─── GIVEN DATA
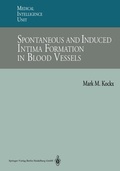Cover: Spontaneous and Induced Intima Formation in Blood Vessels - Springer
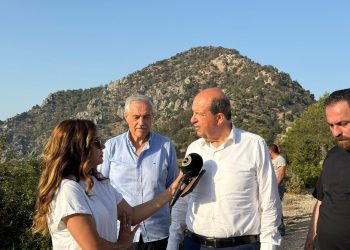 Tatar: Yangın büyük ölçüde kontrol altına alındı, soğutma çalışmaları sürüyor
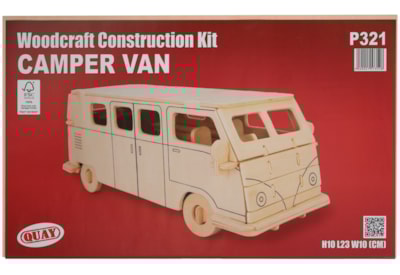 Camper Van Woodcraft Construction Kit Camper Van Woodcraft Construction Kit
──────
BRIEF: The whole listing should be restated word for word, with no pictures.

RESULT:
Cover: Spontaneous and Induced Intima Formation in Blood Vessels - Springer
 Tatar: Yangın büyük ölçüde kontrol altına alındı, soğutma çalışmaları sürüyor
 Camper Van Woodcraft Construction Kit Camper Van Woodcraft Construction Kit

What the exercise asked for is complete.